India has valid national security concerns, nothing to worry about China WTO threats: Analysts
According to the analysts, India has the potential to develop apps and products in-house that can beat Chinese products by ensuring stronger security and better policies
India has nothing to worry about China’s threats as the country has rightly used Section 69 of the Information Technology Act, 2000, which is the country’s primary law regarding cybercrime and electronic commerce, in banning the Chinese apps, a leading cyber lawyer and policy expert from the Bombay High Court has said.
"India has a valid defense of national security reasons and India being a sovereign country, has the right to act as per the law of its land. China cannot break its head at the WTO because it has already banned many apps, social media websites, and search engines with its own great firewall.

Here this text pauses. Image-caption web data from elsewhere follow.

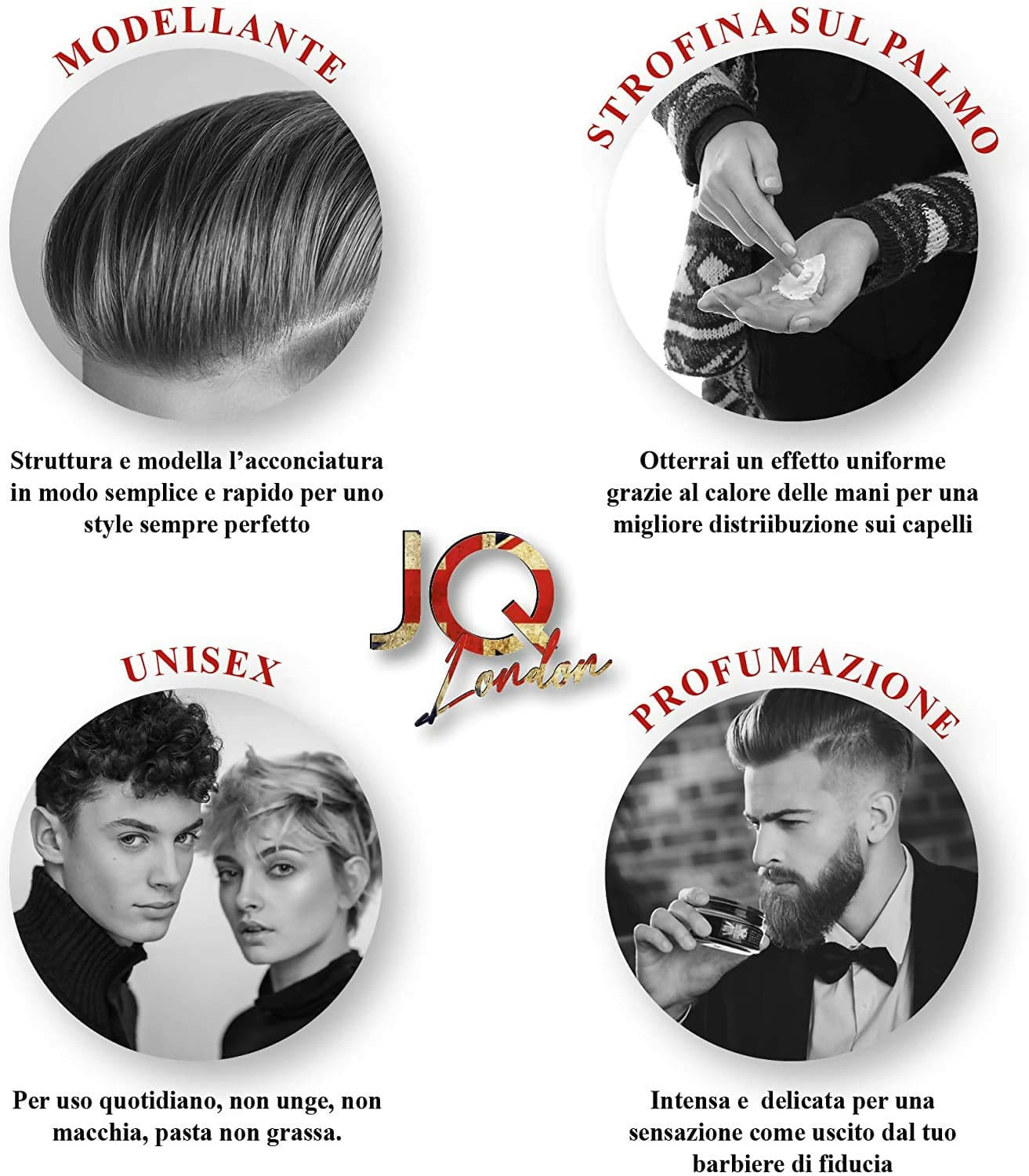 JoyQube Cera Capelli Uomo ad Acqua Professionale Tenuta Forte – Cera Modellante Effetto Lucido Anti Crespo Non Grassa, Styling Uomo Donna Barber Shop, Fissaggio Forte Lunga Durata, Profumata Made in Italy 100ml in Paste argille e cere Ricci Perfetti - Partinico, commercioVirtuoso.it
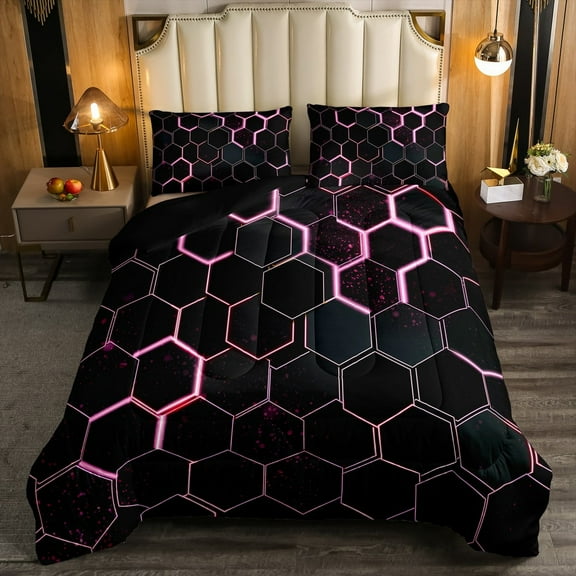 Black Light Pink Honeycomb Comforter Set Neon Hexagon Bedding Sets Geometric Beehive Full Size Quilt Sets Abstract Line Art Duvet Insert Modern Geometry Room Decor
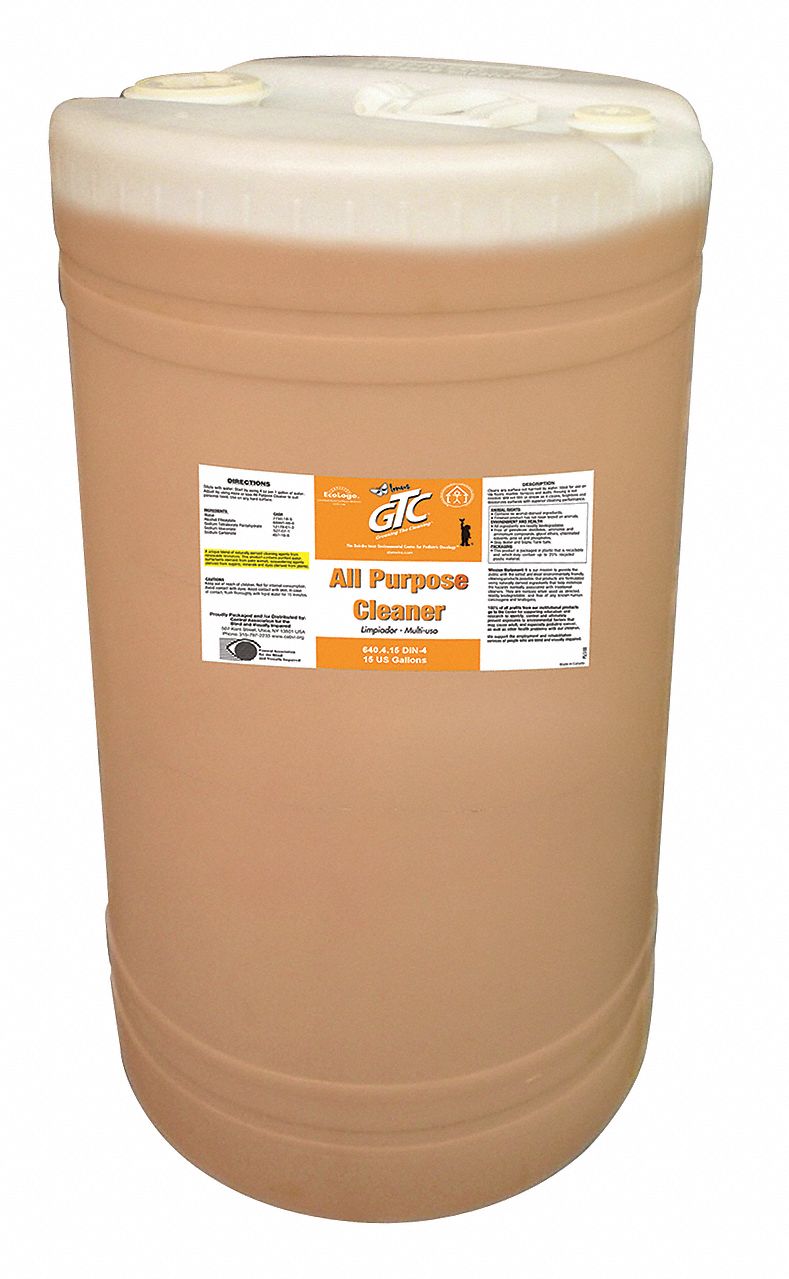 All Purpose Cleaner: Drum, 15 gal Container Size, Concentrated, Unscented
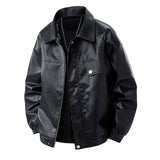 American Street PU Leather Loose Motorcycle Jacket 02 | Gthic.com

India just found it in parity", the expert, Prashant Mali. was quoted as saying in the Sputnik International report.
The Indian Ministry of Information and Technology (MeitY) announced the fourth round of bans on Chinese apps on 2 September, citing national security reasons.
India's MeitY in a statement revealed that it had received many complaints from various sources, including several reports about the misuse of some mobile apps, of them stealing and surreptitiously transmitting user data in an unauthorized manner to servers located outside of the country, the report noted.
Chinese brands like Xiaomi and TikTok were reported to be tracking the location and incognito search history of their users in India using illegal methods such as SIM-tapping earlier this year.
Reacting to the ban of Chinese apps, the Chinese Ministry of Commerce spokesperson Gao Feng said that New Delhi has "abused" national security by imposing discriminate restrictions on Chinese companies and such action violates World Trade Organisation (WTO) rules, according to the report.
India and China had signed a commitment to WTO policies stipulating that the countries should refrain from banning each other's products from their respective nations.
On India’s decision, Mali was quoted as saying that it wouldn't be surprising if in the coming months more Chinese apps join TikTok, PUBG, and Baidu which are now banned in the country.
The Sputnik International report also quoted CEO of Mumbai-based cybersecurity firm GajShield Infotech Sonit Jain as saying, "India-developed apps and products will not only replace the now-banned Chinese services, but will also ensure stronger security, better user policies, and personal data protection compliances.”